The advent of next-generation sequencing technology has offered great opportunities for discovering novel rare variants in the human genome, associating these rare variants with diseases, and increasing our biological knowledge of disease etiology. In particular, as pointed out by Choi et al. , protein-coding regions harbor 85% of the mutations with large effects on disease-associated traits. As a result, whole-exome sequencing technology has emerged as a powerful paradigm for the identification of rare variants associated with diseases. This technology was used in the pilot3 study of the 1000 Genomes Project , from which the Genetic Analysis Workshop 17 (GAW17) mini-exome data were generated.

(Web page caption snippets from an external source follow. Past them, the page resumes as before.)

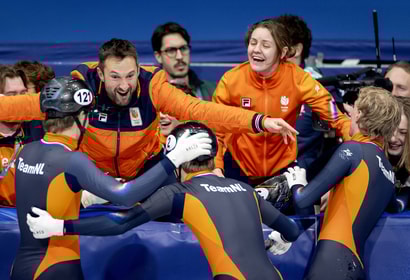 Niels Kerstholt viert een overwinning met TeamNL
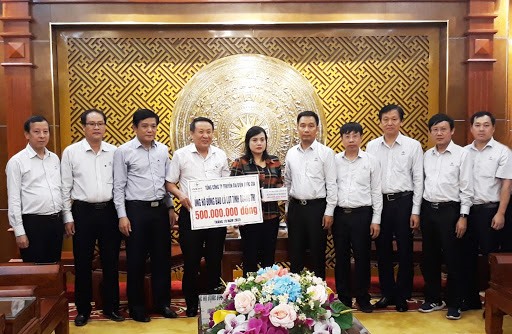 Tổng công ty Truyền tải điện Việt Nam ủng hộ tỉnh Quảng Trị 500 triệu đồng khắc phục hậu quả sau thiên tai. Ảnh: VGP/Minh Trang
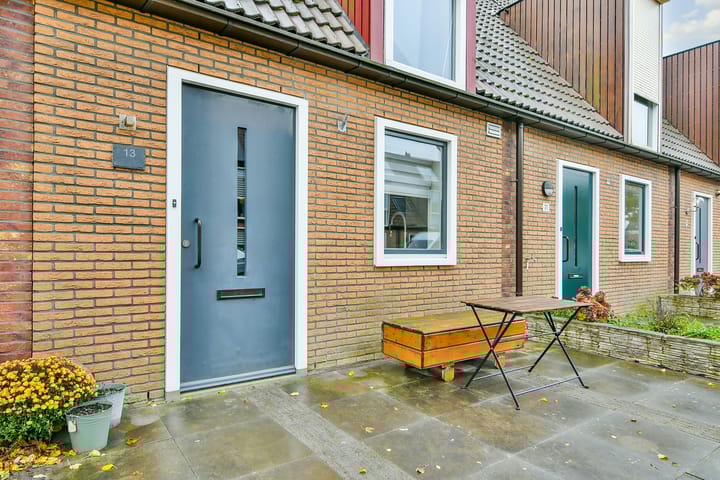 Foto 2 van Obelisk 13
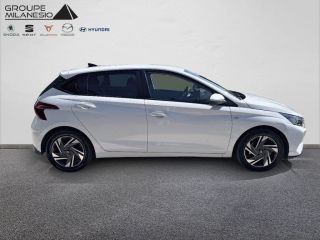13300 : Hyundai Salon de Provence - Cap Milanesio - HYUNDAI i20 Intuitive - i20 III - Blanc - Boîte manuelle - Essence sans plomb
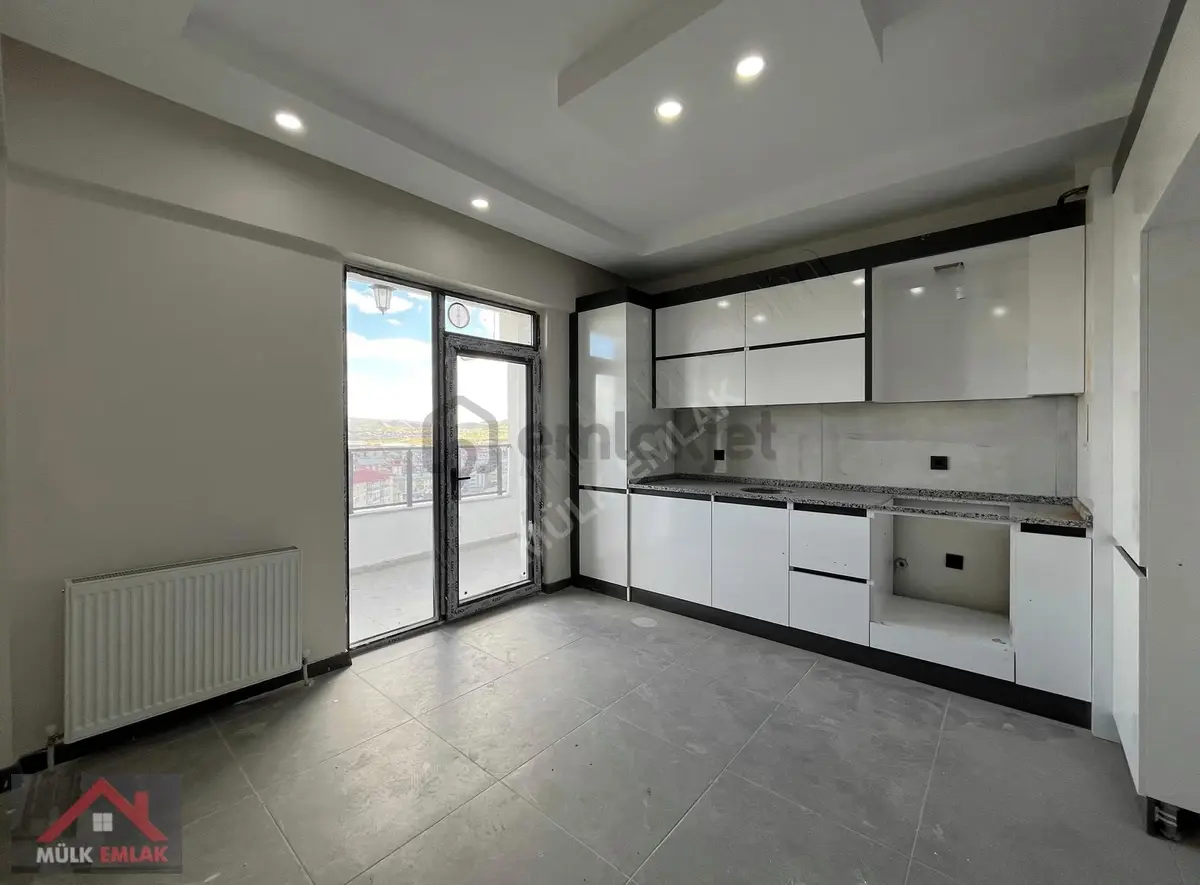 Sivas Mülk Emlak // Diriliş Mahallesi // 3+1 // 155m² // 2026 - 22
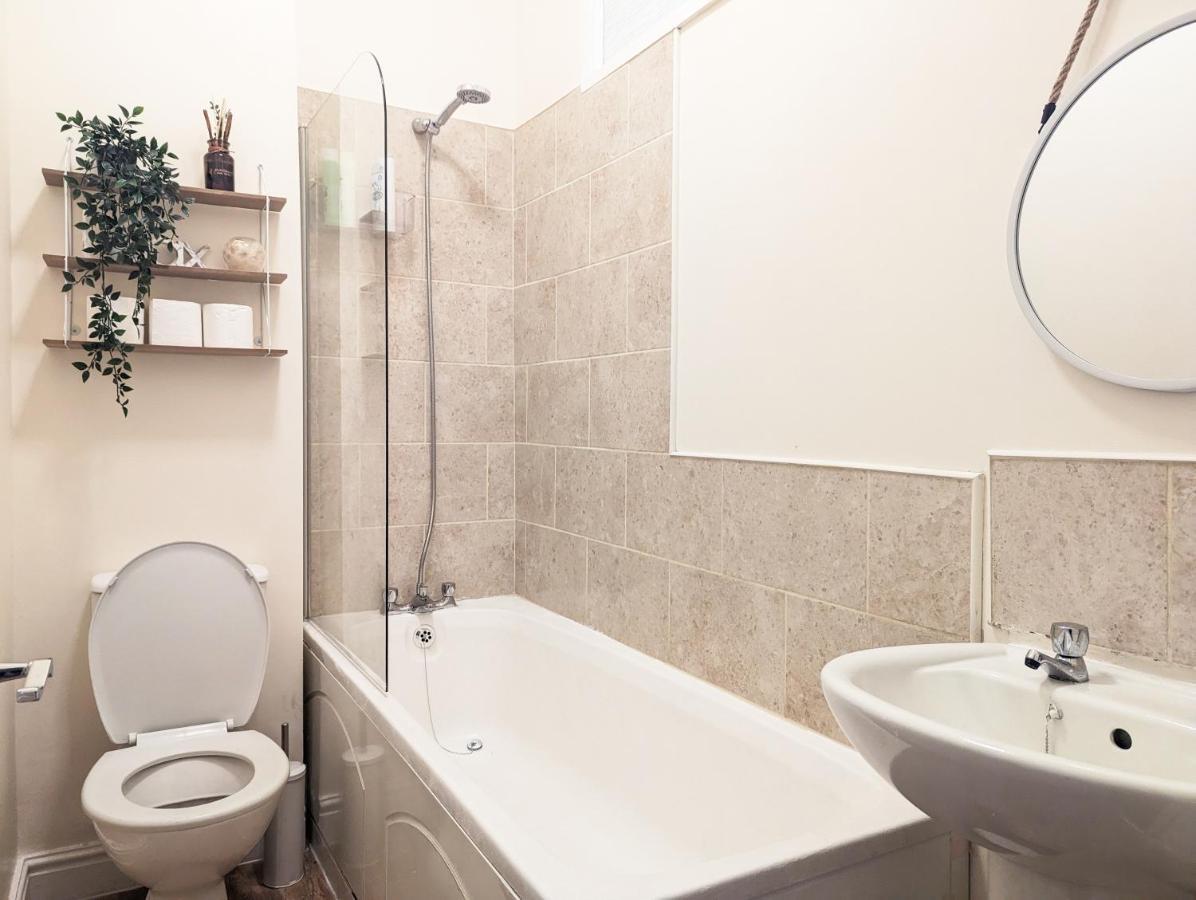 Guest Rooms In Anfiled Near Stadium, Free Parking Liverpool Exterior photo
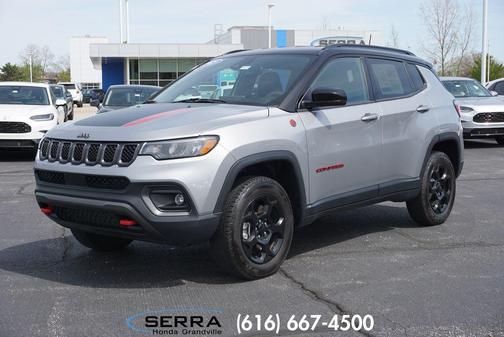 Billet Silver Metallic Clearcoat 2023 Jeep Compass Trailhawk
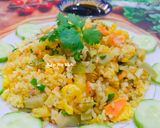 Hình bước làm 4 của món Cơm chiên cá hồi,trứng,cải chua,đậu hủ và tàu hủ ki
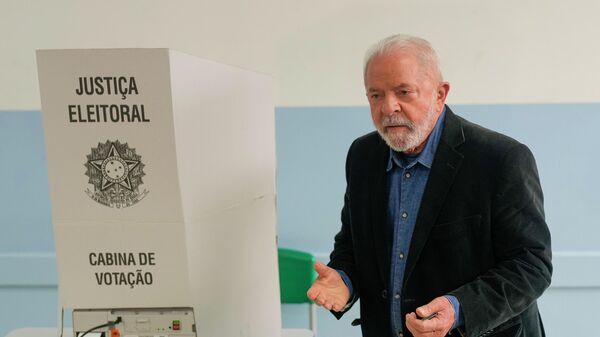 Бывший президент Бразилии Луис Инасио Лула да Силва на всеобщих выборах в Сан-Паулу, Бразилия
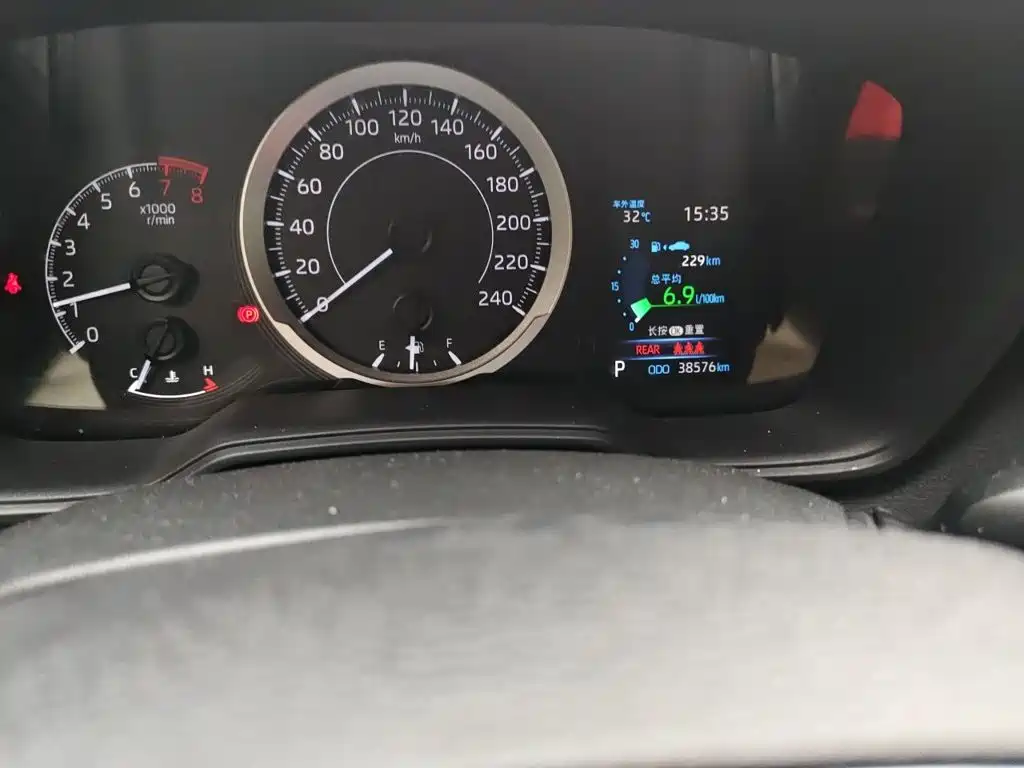 Toyota Frontlander — миниатюра 8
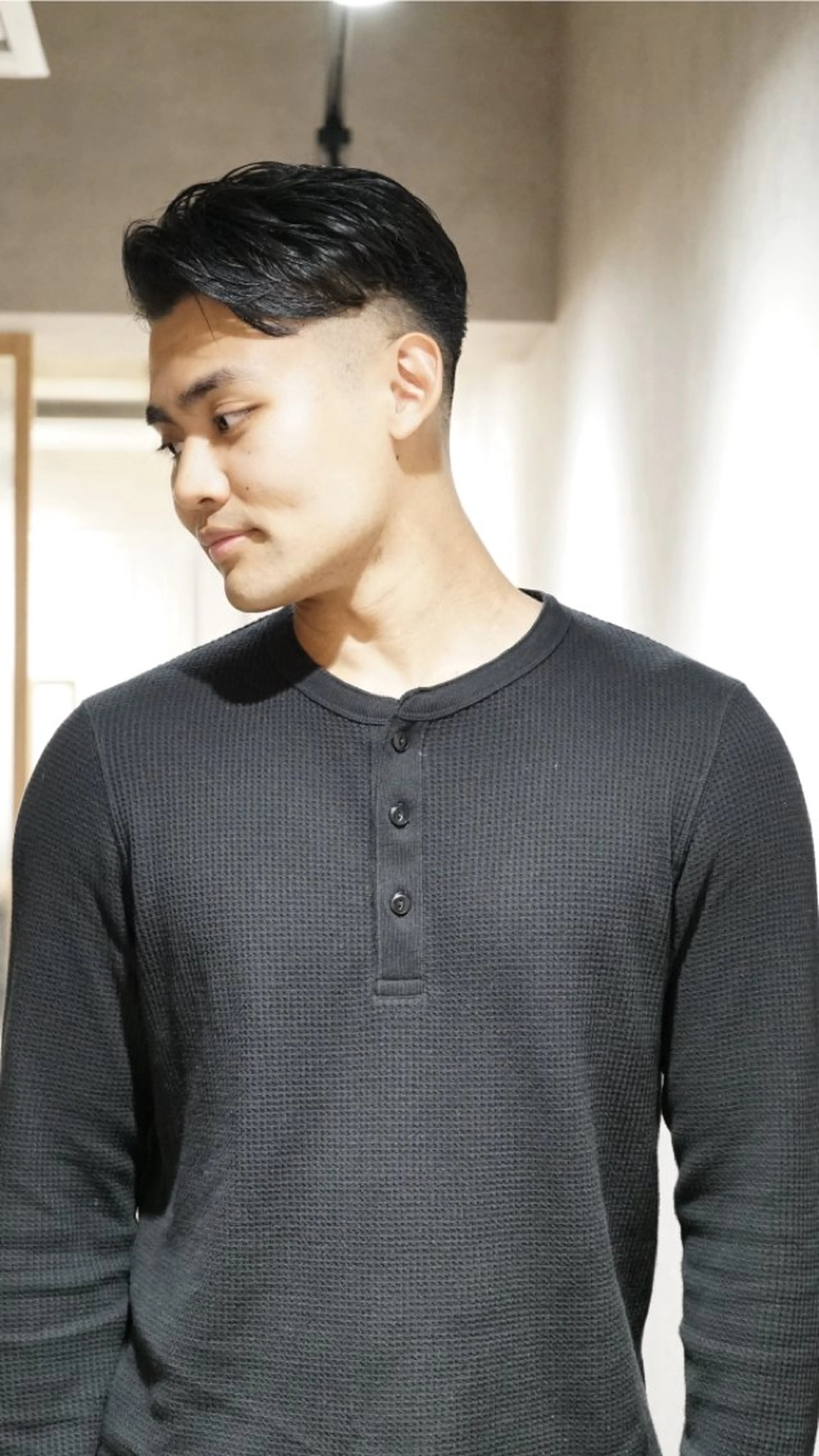 メンズカット＋シャンプーブロー＋ヘアセット(刈り上げセンターパート)の写真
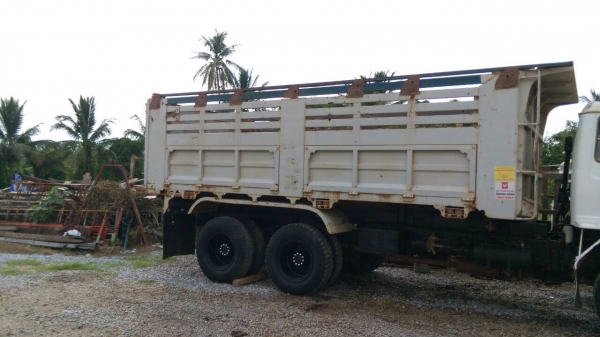 ขายกระบะดัมพ์พร้อมอุปกรณ์ครบ ยกลงจาก Hino F18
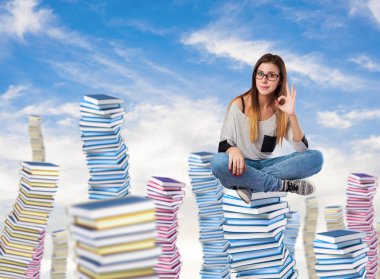 Kitap kule üzerinde oturan genç kadın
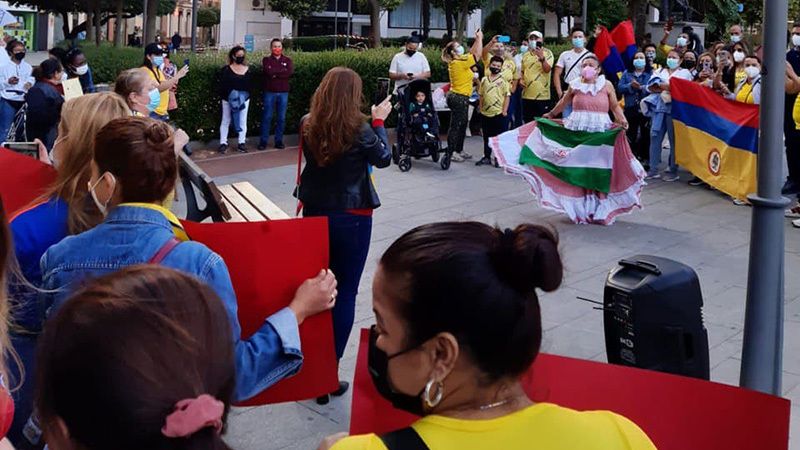 La comunidad colombiana en Huelva pide el fin de la represión en el país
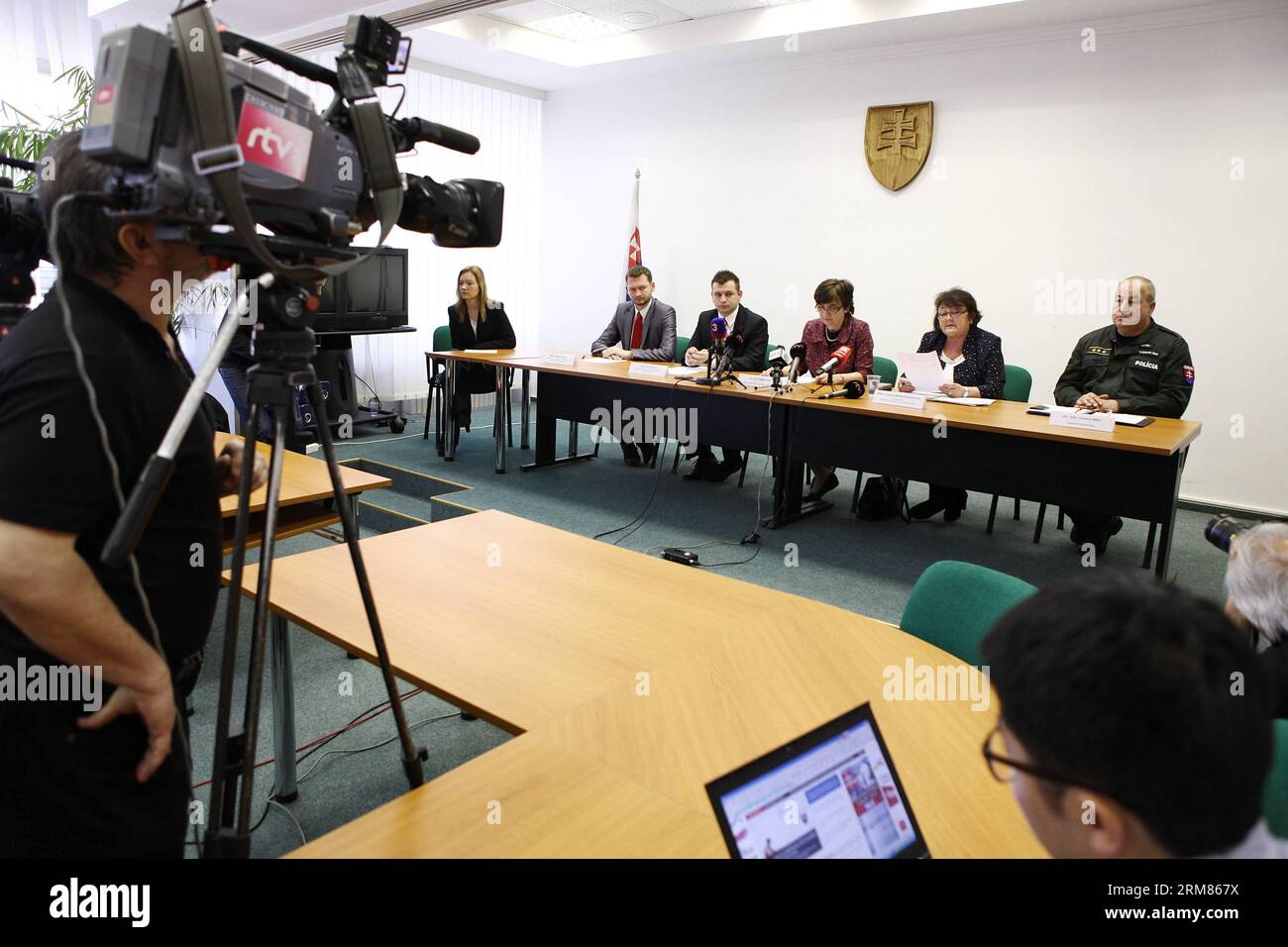 (140330) -- BRATISLAVA, 30 mars 2014(Xinhua) -- Ludmila Benkovicova (2e R), chef de l'Office statistique de Slovaquie, annonce les résultats officiels du deuxième tour des élections présidentielles de 2014. Le philanthrope Andrej Kiska a remporté le second tour présidentiel de la Slovaquie, a annoncé dimanche matin le Bureau des statistiques. (Xinhua/Andrej Klizan) SLOVAQUIE-BRATISLAVA-RÉSULTAT DE L'ÉLECTION PRÉSIDENTIELLE PUBLICATIONxNOTxINxCHN Bratislava Mars 30 2014 XINHUA Ludmila 2e r Chef de l'Office statistique de Slovaquie annonce les résultats officiels du deuxième tour des élections présidentielles de 2014 Banque D'Images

In the GAW17 mini-exome data set , most of the SNPs are rare (MAF < 5% for 21,355 out of 24,487 SNPs) so that multimarker association tests are more desirable than single-marker tests, such as the chi-square test, because of the potential to increase power from multiple signals in a region. However, because of higher degrees of freedom, multimarker association tests may have reduced power. To overcome this problem, investigators have recently proposed several multimarker association tests for which the test statistics have smaller degrees of freedom. In this paper, we consider two types of such association test procedures. The first approach is based on collapsing multimarkers within a chromosomal region to generate a reduced set of genetic predictors [7–9]; the second approach correlates genetic similarity among individuals across a set of markers by using a kernel function with their phenotypic similarity [10–13]. We describe these methods in the Methods section.
We apply these methods to each of the genes in the GAW17 unrelated individuals data set to identify genes associated with the given traits (Affected, Q1, Q2, and Q4), adjusting for the effects of environmental covariates (Smoke, Age, Sex, and Population). The results from these methods are compared. In addition, for each given trait, we use the Bayesian mixed-effects model to estimate the phenotypic variance that can be explained by the given environmental and genotypic data and to infer an individual-specific genetic effect to use directly in single-gene association tests.